En el fondo lo sabemos, todos lo sabemos: a escala social, un sistema funciona – disemina la prosperidad, aumenta la productividad – en la medida en que somos libres de hacerlo funcionar: libres de crear, de innovar, de ofrecer, de persuadir, de intercambiar… en fin, de interactuar para el mutuo beneficio. El requisito es la libertad. Es así de simple. La mente humana no puede ser forzada a trabajar como una bestia de carga.
Lo que funciona, entonces, funciona a pesar de la violencia. Los seres humanos pueden producir – a regañadientes – bajo amenaza, pero jamás motivados por la amenaza. Nuestros amos lo saben, por eso intervienen toda vez que algo parece funcionar. El propósito de la intervención estatal es, precisamente, que eso deje de funcionar, para demostrarnos que ningún proyecto es viable al margen del estado. Afirmar lo contrario equivale a cuestionar la razón de ser del estado; y actuar en consecuencia… está prohibido.
El largo brazo de la ley, con su puño de acero, provee la ilusión de control y eficacia en el corto plazo, pero siempre falla en el largo plazo. Tiempo atrás, advertir el fracaso de la violencia estatal solía requerir generaciones. Hoy, la aceleración que impone internet evidencia el fracaso de la violencia en plazos cada vez más cortos. Nunca antes la interacción entre seres humanos había sido tan veloz, tan espontánea e incontrolable, y por ende tan eficaz. Como siempre, menos violencia es igual a mejor funcionamiento.
Más violencia, en cambio… La violencia es tan eficaz para resolver un problema social como lo es la danza de la lluvia para resolver un problema de sequía. ¿Caerá en desuso, también? Al fin y al cabo, el estatismo es tan sólo el fruto más popular del pensamiento mágico-religioso. Creer que una economía entera puede funcionar a punta de pistola es, para el estatista, la prueba de fe por excelencia.
El estatista pide siempre más violencia; a él no se le ocurre otra solución para los problemas – económicos o de cualquier otra índole –; no se le ocurre que la violencia está en la raíz de esos mismos problemas. En efecto, lo único que debiera sorprendernos de los recurrentes colapsos financieros es que aún sorprendan a alguien. Porque nadie ignora que el aspecto más socializado de nuestra economía – el más sometido a coacción – es justamente el más importante: el sistema monetario.

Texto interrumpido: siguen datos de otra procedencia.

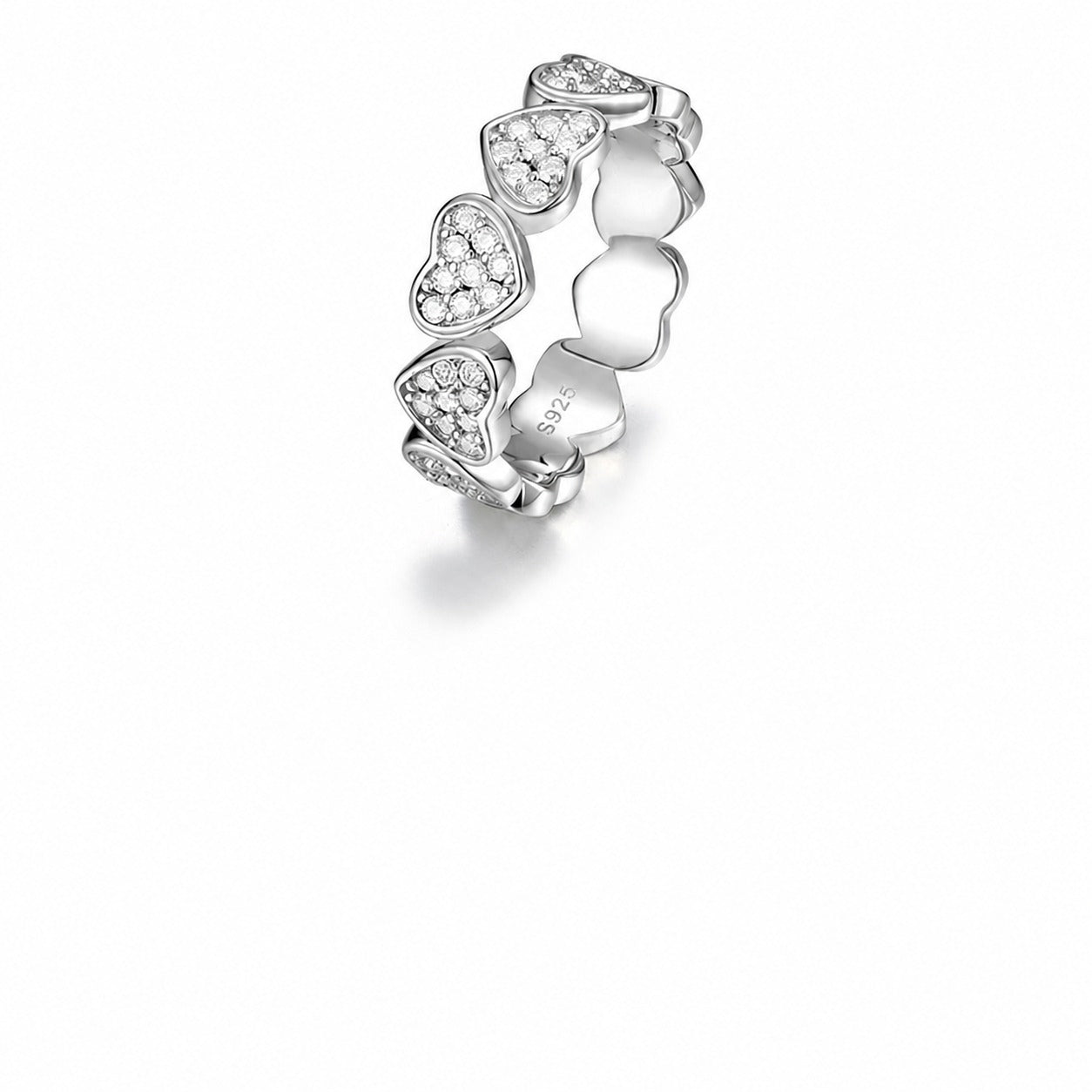 White Moissanite Heart Eternity Band Ring In S925 Sterling Silver  Ring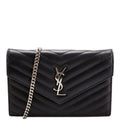 SAINT LAURENT Envelope Chain Wallet 393953 Black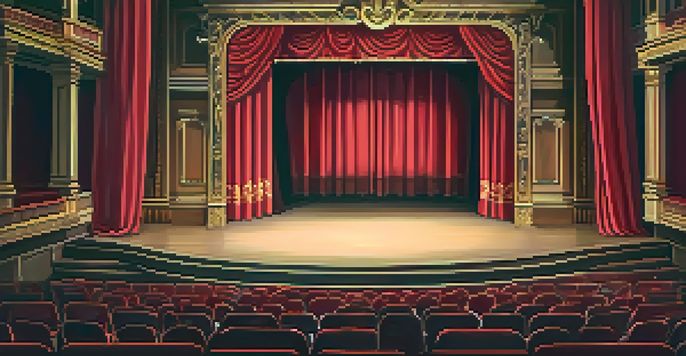 A theater stage with red curtains and dramatic lighting, showcasing an empty stage with intricate set designs and props.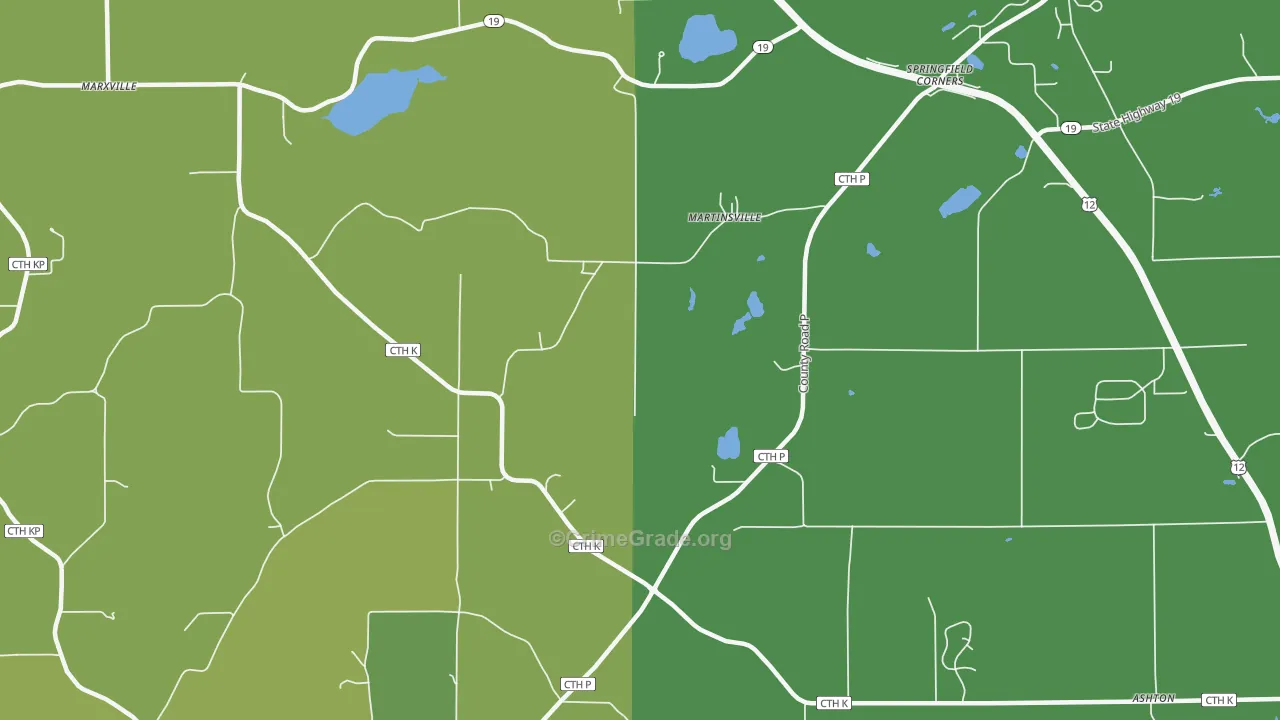 Martinsville, WI Map of Drug-Related Crime Rates
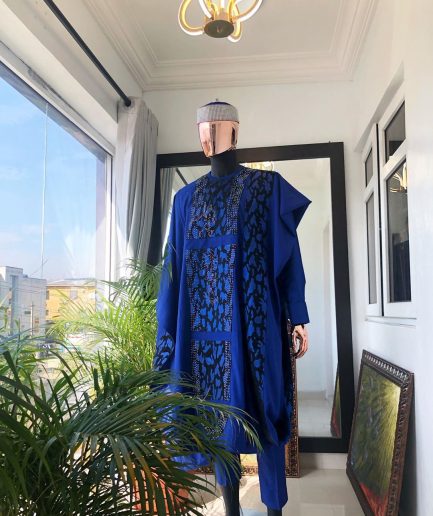 A Mix Blue and jacquard embroidery Agbada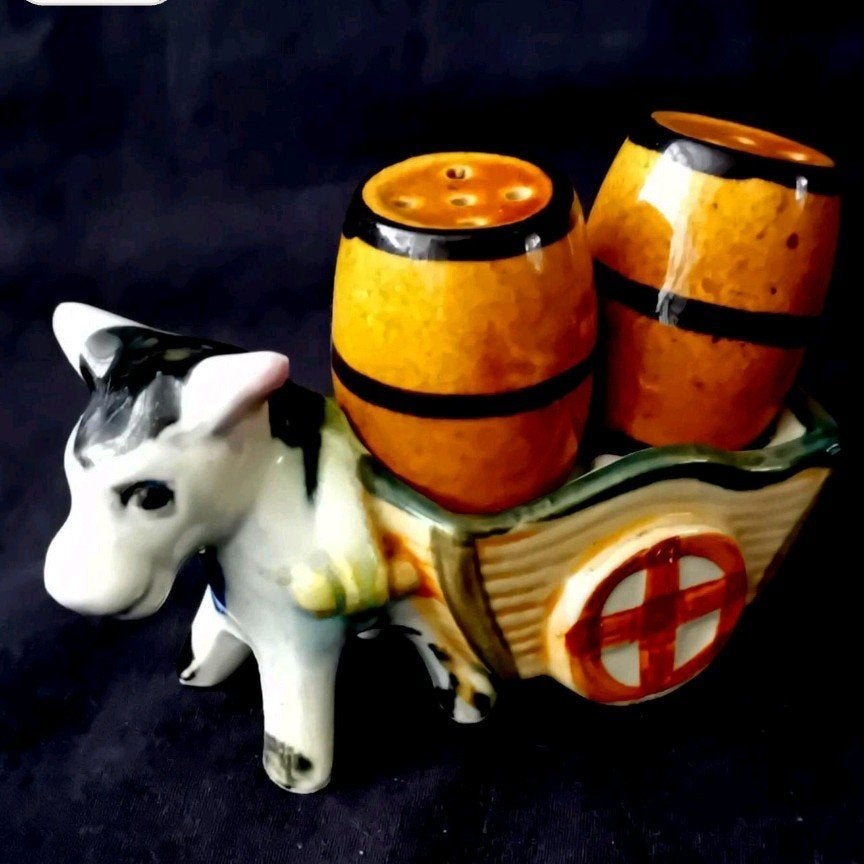Vintage zout- en peperstrooiers ezel met kar, Ophalen of Verzenden
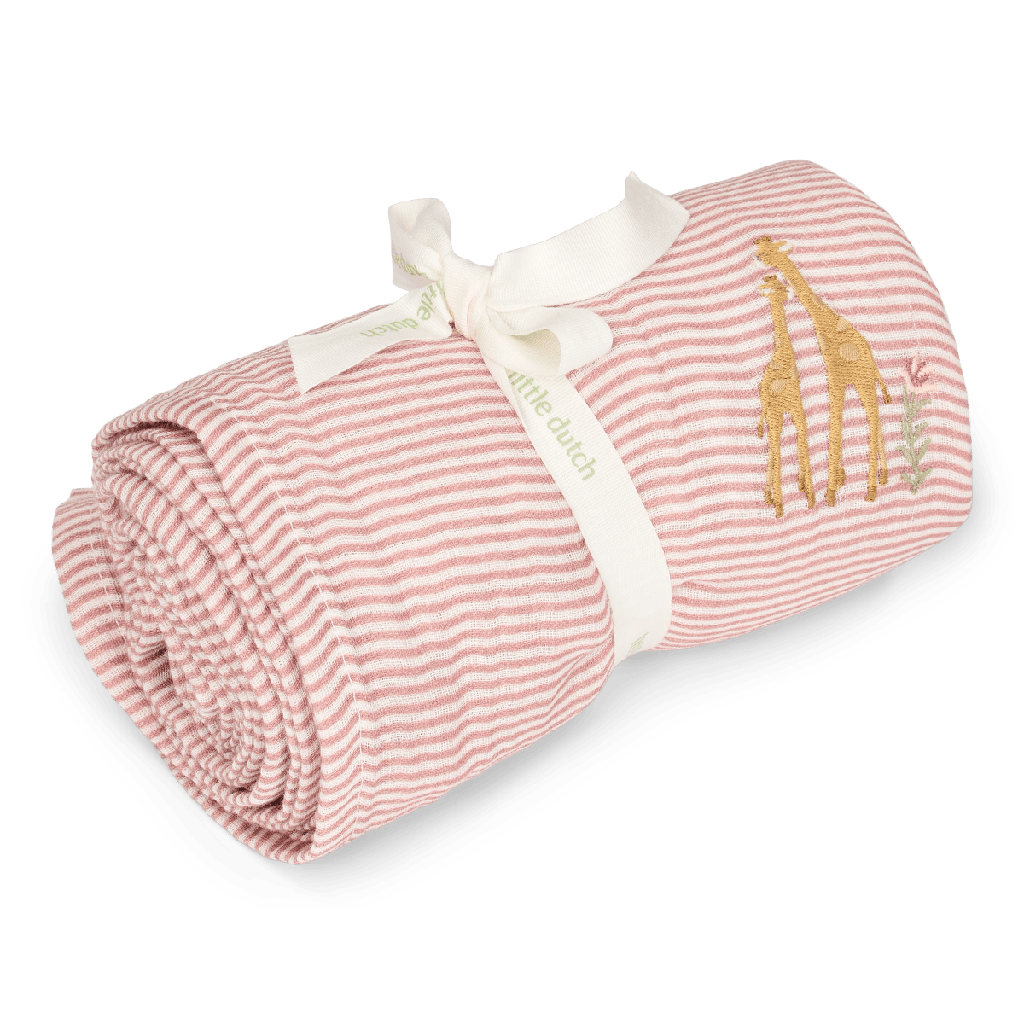 Little Dutch | Giftset Safari Friends Flamingo Fopspeen-/Spuug-/Tetradoek Roze 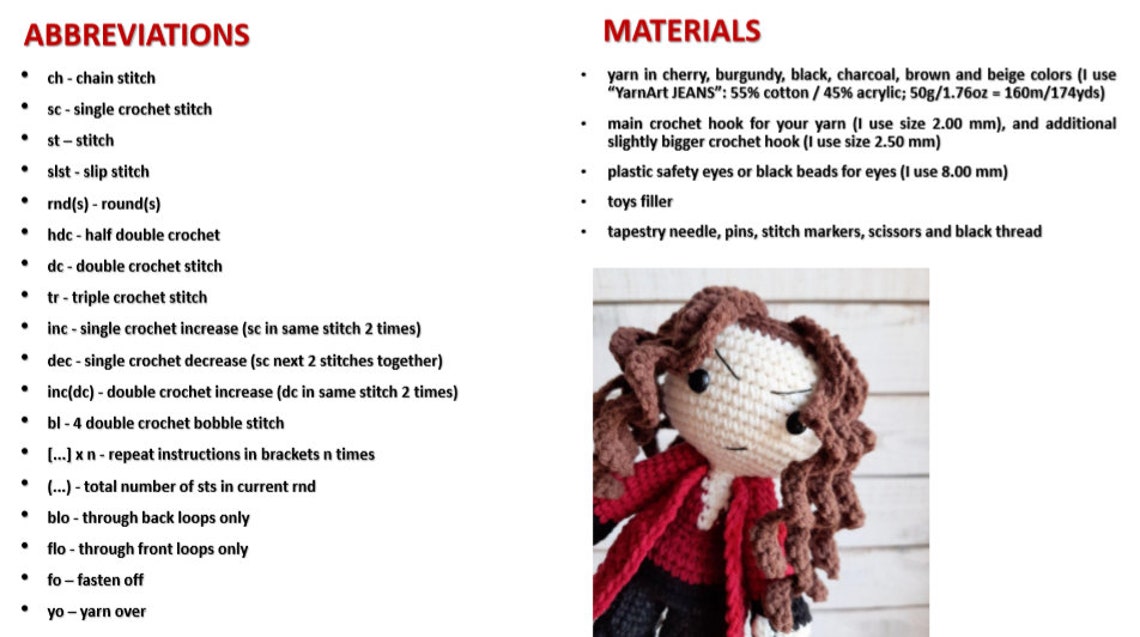 Scarlet Witch crochet pattern PDF Amigurumi superhero doll | Etsy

Pero nos hemos acostumbrado a ser tratados como ganado. Tanto tiempo nos han restringido, y reprimido, y tan duro nos han castigado por hacer lo correcto… que el espectáculo de un libre mercado sin fricciones nos produce vértigo. Como aquellos soviéticos que tras la caída del muro se preguntaban: ¿y ahora quién repartirá el pan?, nosotros nos preguntamos: ¿es posible un libre mercado monetario? Bueno, su manifestación más conspicua ya está entre nosotros, y es refractaria a la violencia estatal.
En el mundo Bitcoin no hay – ni puede haber – élite gobernante, ni cadena de mandos, ni afiliación compulsiva, ni licencias obligatorias, ni aduanas, ni regulaciones arbitrarias… de modo que las soluciones a los diferentes problemas no demoran en gestarse y propagarse, y no encuentran barreras artificiales.
El muro ha caído. La libertad funciona.